After the Tampa show, we drove to our good friend Brian’s house, on the coast in southern Florida. It was very strange, having been preparing for fall internally and thinking kindly upon the approaching colder, shorter days—days filled with a good book and a warm mug of coffee—to suddenly find ourselves once more back in the heat of Florida, getting bitten to all hell by the no-seem-ems and generally just feeling weird. But no matter. We had a good old time, watching football on his flat screen TV, telling stories and shooting the breeze with his father. Good people all around. The next day, they took Phil and I out on their boat, and we went cruising into the sound, flying along, beset by dolphins who skimmed their way along the water bed, dancing in the shallows, briefly following in our wake.

Chilling. Post dolphins.

After that glorious day off, we drove and rejoined the Stone boys down in Fort Lauderdale. Strange gray, rainy day in southern Florida. It was a Sunday and Ryan and I managed to watch the first half of the 49ers game before sound check. Intermittent rain clouds dumping down. Surreal Florida, unrelated to the rest of country. The tip of the continent, poking out and away from our accustomed, American reality. Full of no-see-ems and alligators.

The next day was another day off, driving day really, and both bands decided to spend the night in Tallahassee. Allen and the gang invited us over to their bus for a little get-together. It was very homey — Greg, the keyboard player, made delicious tacos, we brought beer and wine, all took turns DJing — it was pretty adorable, actually, creating a little social night out in the middle of nowhere roadland. Loads of fun. Ended up raging pretty hard, dance party style, too many people getting down in that little space.

A place unto itself where fall never comes. Tuesday found us in the beautiful town of Mobile, AL, where we played this crazy old rocknroll club called The Music Box. I loved that town, walking around. It felt like a tiny New Orleans. All of those coastal towns speak deeply to me. Charleston, Mobile. Old architecture and wrought-iron railings on balconies. Old churches. I went and sat for some time in the oldest church in Alabama. Sometimes it’s good to just get away from the noise and immerse yourself in the silence of an old, empty church. Any church will do, really, as long as it is sufficiently quiet.

 

And then. the day after Mobile, we woke and drove to New Orleans, the prized jewel in the crown of cities that circle the Gulf. It was but a brief visit, however, as we left the next morning. But, no worries, we made it back as you’ll see later on in this recounting. Anyways, the show was a success, at the House of Blues on Decatur Street. Sadly, it was Mans Merstein’s last show. He had been touring with Tingsek, playing craziness upon the keyboards like some sort of demented octopus-genius. Here’s a video I shot. Being as it was his last show, and being as how we all thought quite highly of him, we all stood right offstage, cooing softly and appreciatively every time he’d make a run. Dig it, he’s a goddamn badass. (For the keyboard solo, check in at 0:48).

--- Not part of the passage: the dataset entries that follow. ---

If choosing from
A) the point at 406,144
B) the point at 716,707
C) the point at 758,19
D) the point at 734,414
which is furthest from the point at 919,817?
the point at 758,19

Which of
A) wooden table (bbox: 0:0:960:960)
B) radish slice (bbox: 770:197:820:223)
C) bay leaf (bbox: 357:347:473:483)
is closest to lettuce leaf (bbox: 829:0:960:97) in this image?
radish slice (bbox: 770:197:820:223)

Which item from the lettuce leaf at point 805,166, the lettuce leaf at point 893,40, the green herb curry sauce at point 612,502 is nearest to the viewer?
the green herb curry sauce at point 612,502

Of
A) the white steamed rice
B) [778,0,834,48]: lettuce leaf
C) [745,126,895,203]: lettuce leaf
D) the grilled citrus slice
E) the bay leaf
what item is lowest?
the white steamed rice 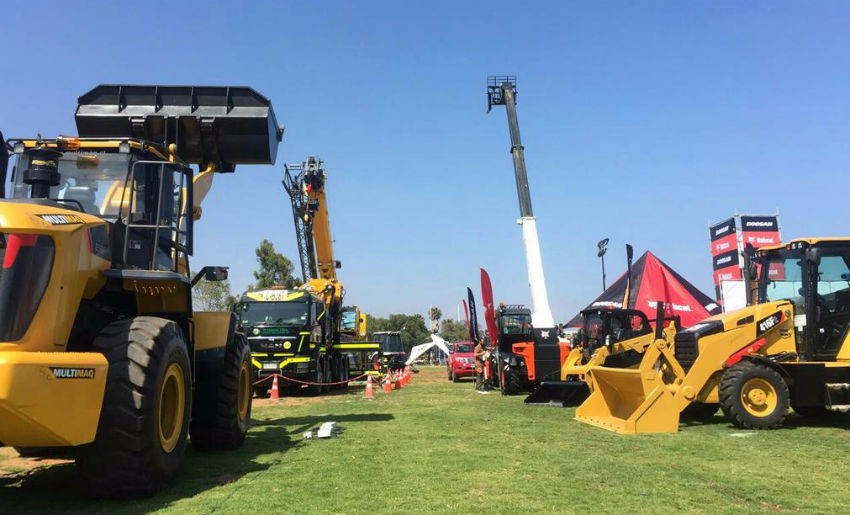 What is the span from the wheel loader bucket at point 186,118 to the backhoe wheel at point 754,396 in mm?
7855

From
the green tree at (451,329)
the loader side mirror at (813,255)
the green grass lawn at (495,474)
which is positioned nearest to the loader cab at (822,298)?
the loader side mirror at (813,255)

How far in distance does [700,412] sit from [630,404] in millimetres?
1801

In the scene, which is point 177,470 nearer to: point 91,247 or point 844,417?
point 91,247

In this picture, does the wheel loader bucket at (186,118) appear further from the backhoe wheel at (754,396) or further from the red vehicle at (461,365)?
the red vehicle at (461,365)

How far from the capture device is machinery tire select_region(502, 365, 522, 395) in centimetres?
1594

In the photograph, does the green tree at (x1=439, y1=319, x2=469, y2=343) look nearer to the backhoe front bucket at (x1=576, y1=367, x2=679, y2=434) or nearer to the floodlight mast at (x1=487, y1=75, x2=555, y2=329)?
the floodlight mast at (x1=487, y1=75, x2=555, y2=329)

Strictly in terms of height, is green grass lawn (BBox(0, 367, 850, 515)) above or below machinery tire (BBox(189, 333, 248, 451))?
below

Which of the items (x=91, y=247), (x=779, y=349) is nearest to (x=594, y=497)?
(x=91, y=247)

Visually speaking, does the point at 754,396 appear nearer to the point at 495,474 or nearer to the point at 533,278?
the point at 495,474

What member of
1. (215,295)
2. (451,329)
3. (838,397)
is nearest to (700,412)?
(838,397)

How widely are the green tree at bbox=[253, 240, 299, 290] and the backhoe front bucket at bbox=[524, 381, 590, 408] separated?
3608cm

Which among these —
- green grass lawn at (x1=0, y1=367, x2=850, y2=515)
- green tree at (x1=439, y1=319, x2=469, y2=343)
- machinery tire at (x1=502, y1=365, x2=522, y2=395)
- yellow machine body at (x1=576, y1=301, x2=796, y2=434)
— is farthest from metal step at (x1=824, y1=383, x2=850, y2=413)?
green tree at (x1=439, y1=319, x2=469, y2=343)

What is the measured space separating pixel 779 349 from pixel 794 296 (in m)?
0.99

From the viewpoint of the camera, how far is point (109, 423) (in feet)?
15.4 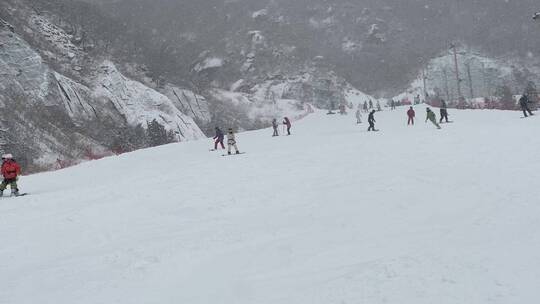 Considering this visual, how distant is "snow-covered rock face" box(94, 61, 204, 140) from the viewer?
1738 inches

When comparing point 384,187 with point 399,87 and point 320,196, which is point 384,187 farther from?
point 399,87

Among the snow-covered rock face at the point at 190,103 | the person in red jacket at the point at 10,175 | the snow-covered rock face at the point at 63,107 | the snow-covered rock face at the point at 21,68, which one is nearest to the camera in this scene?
the person in red jacket at the point at 10,175

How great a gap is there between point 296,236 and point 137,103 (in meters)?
41.9

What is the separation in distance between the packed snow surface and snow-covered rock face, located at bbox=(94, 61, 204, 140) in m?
31.7

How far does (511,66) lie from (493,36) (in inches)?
433

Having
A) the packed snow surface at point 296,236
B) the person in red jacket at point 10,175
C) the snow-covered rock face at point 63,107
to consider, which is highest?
the snow-covered rock face at point 63,107

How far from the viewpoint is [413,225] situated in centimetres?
727

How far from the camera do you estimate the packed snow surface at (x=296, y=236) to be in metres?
5.29

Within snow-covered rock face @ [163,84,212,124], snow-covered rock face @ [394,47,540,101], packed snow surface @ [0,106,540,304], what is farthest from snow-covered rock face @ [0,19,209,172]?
snow-covered rock face @ [394,47,540,101]

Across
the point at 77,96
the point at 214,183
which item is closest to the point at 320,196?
the point at 214,183

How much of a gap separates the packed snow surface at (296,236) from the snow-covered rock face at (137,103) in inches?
1249

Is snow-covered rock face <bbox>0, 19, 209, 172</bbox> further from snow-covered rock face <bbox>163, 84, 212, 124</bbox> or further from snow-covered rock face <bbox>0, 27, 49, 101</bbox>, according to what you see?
snow-covered rock face <bbox>163, 84, 212, 124</bbox>

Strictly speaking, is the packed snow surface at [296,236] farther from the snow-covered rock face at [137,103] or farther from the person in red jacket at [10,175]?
the snow-covered rock face at [137,103]

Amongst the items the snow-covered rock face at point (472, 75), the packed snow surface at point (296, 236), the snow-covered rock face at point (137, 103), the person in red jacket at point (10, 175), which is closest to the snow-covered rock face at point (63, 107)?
the snow-covered rock face at point (137, 103) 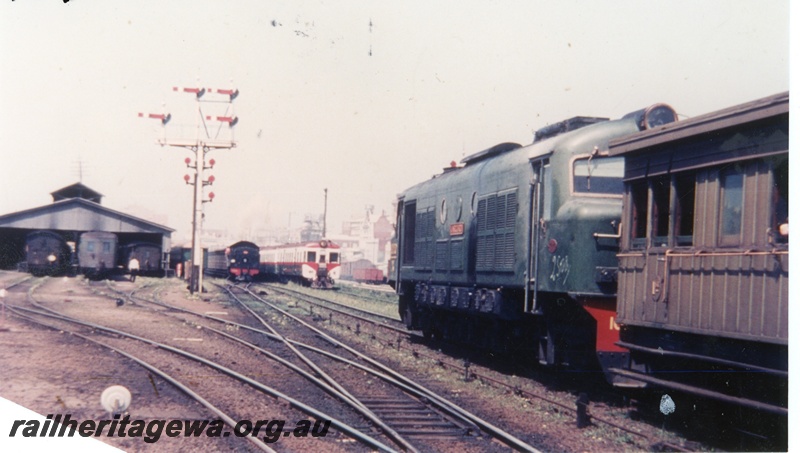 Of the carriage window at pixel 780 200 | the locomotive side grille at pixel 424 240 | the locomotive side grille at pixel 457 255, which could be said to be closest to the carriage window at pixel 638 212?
the carriage window at pixel 780 200

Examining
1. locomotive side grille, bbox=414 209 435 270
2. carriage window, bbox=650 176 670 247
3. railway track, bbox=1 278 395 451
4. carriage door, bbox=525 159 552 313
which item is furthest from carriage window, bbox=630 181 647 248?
locomotive side grille, bbox=414 209 435 270

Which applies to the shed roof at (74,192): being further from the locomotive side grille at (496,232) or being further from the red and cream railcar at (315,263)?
the locomotive side grille at (496,232)

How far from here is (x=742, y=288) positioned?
256 inches

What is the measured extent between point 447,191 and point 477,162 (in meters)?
1.01

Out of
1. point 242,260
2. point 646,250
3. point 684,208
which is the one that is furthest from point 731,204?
point 242,260

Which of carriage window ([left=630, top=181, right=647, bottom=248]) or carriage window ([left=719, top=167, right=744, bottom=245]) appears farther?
carriage window ([left=630, top=181, right=647, bottom=248])

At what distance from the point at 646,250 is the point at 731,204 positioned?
1.31 meters

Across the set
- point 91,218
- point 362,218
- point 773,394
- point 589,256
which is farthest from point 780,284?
point 362,218

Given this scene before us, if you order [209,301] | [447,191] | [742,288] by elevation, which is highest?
[447,191]

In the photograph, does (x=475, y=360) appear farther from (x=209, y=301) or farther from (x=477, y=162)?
(x=209, y=301)

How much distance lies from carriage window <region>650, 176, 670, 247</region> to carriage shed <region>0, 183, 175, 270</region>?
104 feet

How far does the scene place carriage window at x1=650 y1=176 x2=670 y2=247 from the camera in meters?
7.86

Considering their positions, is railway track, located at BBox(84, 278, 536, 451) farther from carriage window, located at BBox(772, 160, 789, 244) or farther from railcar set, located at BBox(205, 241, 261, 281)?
railcar set, located at BBox(205, 241, 261, 281)

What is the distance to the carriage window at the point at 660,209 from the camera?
7.86m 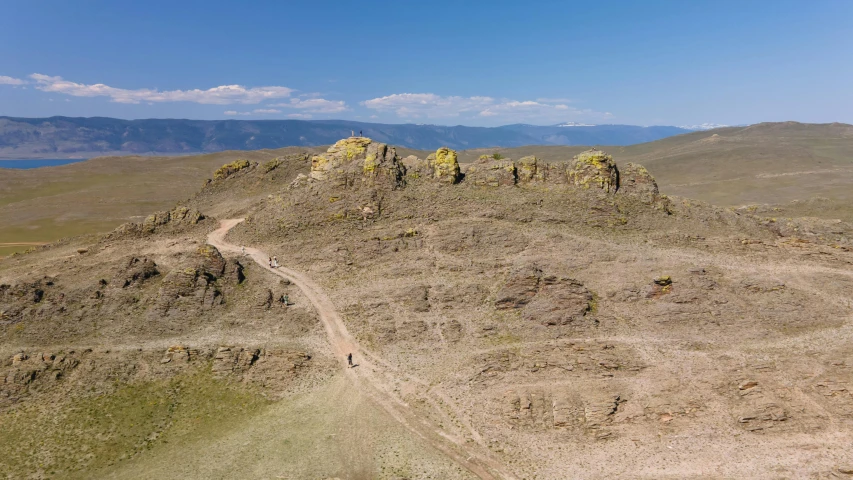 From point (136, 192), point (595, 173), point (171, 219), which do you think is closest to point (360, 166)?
point (171, 219)

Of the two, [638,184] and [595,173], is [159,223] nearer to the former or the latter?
[595,173]

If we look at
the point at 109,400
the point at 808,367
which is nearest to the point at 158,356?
the point at 109,400

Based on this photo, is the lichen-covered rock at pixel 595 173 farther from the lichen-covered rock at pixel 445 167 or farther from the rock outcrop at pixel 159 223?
the rock outcrop at pixel 159 223

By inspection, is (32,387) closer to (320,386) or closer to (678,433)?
(320,386)

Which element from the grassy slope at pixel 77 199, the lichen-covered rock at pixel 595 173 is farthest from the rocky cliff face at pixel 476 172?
the grassy slope at pixel 77 199

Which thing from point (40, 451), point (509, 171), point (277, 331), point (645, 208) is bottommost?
point (40, 451)

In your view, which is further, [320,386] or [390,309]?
[390,309] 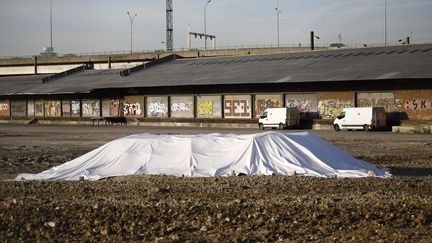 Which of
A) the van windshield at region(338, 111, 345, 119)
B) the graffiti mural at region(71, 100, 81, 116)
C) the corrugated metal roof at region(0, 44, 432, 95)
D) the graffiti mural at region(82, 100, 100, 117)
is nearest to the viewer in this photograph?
the van windshield at region(338, 111, 345, 119)

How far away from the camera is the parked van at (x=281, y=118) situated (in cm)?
5266

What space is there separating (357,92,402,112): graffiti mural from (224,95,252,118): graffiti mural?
36.2ft

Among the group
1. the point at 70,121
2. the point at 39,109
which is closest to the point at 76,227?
the point at 70,121

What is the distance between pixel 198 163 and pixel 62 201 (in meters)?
5.93

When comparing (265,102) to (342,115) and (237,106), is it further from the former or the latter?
(342,115)

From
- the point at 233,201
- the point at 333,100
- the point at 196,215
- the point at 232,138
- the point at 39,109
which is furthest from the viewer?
the point at 39,109

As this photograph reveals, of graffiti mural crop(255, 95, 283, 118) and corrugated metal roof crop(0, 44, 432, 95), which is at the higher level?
corrugated metal roof crop(0, 44, 432, 95)

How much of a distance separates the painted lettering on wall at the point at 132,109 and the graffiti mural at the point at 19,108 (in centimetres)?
1870

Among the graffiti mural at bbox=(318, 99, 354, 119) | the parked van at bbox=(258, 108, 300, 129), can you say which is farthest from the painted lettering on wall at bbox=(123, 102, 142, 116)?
the graffiti mural at bbox=(318, 99, 354, 119)

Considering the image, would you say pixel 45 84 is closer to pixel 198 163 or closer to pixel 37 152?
pixel 37 152

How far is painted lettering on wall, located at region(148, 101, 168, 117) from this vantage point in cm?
6488

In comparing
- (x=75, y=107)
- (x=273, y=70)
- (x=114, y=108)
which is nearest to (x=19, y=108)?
(x=75, y=107)

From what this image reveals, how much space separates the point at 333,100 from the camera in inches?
2093

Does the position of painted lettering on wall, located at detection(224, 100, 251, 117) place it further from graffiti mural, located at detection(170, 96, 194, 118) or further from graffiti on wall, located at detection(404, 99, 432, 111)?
graffiti on wall, located at detection(404, 99, 432, 111) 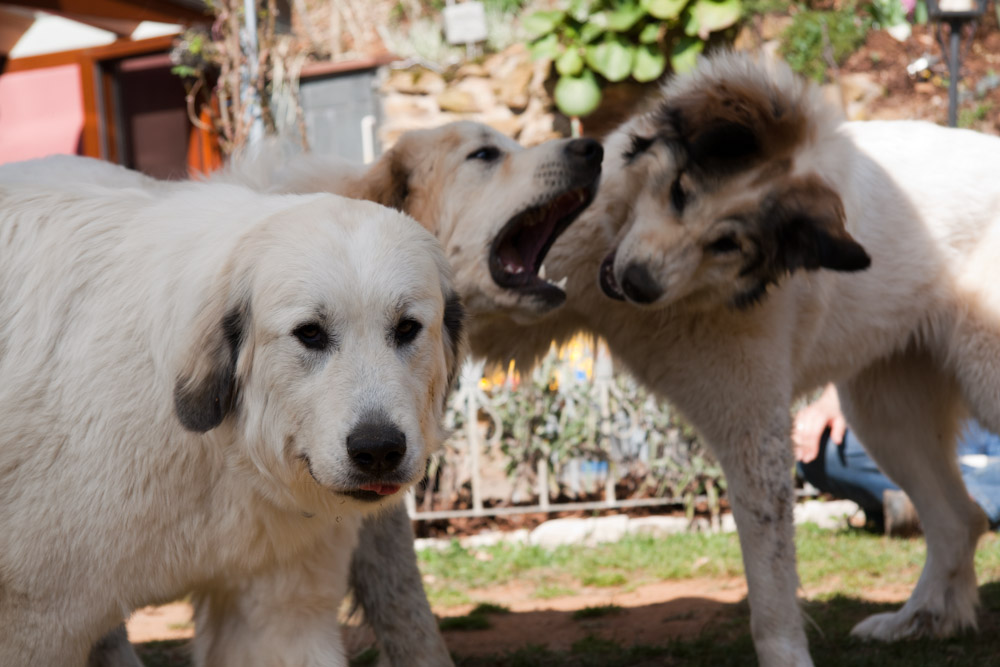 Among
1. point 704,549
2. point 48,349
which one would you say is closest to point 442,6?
point 704,549

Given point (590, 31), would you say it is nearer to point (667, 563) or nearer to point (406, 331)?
point (667, 563)

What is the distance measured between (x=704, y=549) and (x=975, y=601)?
1760mm

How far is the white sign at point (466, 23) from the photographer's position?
10312 mm

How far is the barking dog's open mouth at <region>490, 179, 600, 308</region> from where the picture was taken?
315cm

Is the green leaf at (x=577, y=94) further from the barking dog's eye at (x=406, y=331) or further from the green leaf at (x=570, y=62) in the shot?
the barking dog's eye at (x=406, y=331)

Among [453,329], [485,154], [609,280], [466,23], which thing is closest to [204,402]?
[453,329]

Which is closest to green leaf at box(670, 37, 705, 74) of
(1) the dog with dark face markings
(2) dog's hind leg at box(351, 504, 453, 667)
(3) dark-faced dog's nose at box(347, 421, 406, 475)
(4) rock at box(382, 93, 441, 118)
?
(4) rock at box(382, 93, 441, 118)

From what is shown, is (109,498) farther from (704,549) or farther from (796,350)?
(704,549)

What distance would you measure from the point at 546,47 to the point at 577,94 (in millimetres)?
516

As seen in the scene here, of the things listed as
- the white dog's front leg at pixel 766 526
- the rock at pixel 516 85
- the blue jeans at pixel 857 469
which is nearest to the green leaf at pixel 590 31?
the rock at pixel 516 85

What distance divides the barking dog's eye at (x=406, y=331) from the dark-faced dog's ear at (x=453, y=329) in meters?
0.21

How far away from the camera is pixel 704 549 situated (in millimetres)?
5734

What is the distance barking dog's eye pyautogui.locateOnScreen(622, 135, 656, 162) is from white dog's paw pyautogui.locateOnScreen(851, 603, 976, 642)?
2.12 m

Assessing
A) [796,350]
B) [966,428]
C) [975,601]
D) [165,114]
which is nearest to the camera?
[796,350] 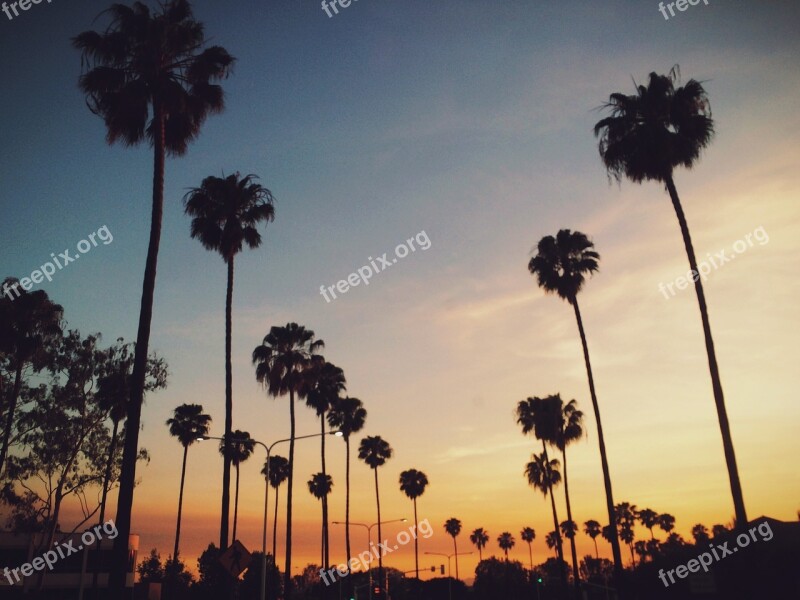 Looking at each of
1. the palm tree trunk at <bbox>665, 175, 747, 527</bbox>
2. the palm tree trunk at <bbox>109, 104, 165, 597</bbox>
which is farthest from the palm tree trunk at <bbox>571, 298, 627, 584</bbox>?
the palm tree trunk at <bbox>109, 104, 165, 597</bbox>

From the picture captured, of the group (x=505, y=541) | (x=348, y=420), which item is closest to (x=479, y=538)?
(x=505, y=541)

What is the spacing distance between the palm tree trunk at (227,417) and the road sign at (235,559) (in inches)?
152

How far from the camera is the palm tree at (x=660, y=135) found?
22703 mm

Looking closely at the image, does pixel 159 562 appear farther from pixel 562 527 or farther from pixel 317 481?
pixel 562 527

Shows in Austin, Houston and Dallas followed. Awesome crowds, great energy. Texas people are very warm and open. The nights were some of the best in the whole run. Sadly, the show in Dallas was our last with Allen and Tingsek and the boys. We ended up at someone’s high-rise apartment in downtown Dallas, singing and laughing and such until the early hours of the morning. There was a wall that the apartment’s owner had us sign, and somehow we ended up playing hangman. I think Trevor (the fanciful guitarist in Allen’s band) spelled out, “Trevor Larkin is a very handsome man” or some such nonsense. Documented forever upon his wall. Or at least until someone else moves in and they paint over it all. While they all continued on West, bound for the desert and for LA, we headed back to, of all places (always) Florida to play Clearwater Jazz Festival, opening up for The Avett Brothers. A great night, great crowd, and it was really nice to finally hear The Avetts play. Ryan ran into our old friend Paul backstage, who’s been touring with them on piano and bass, and after the show we all hung out together in the parking lot, playing cornhole until 2 in the morning with their crew. It was pretty symbolic of the vibe on this run — good people, good music. Parties in unexpected places, old and new friends around every corner. And hovering above it all, an over-arching sense of camaraderie, musical kinship, one big traveling family.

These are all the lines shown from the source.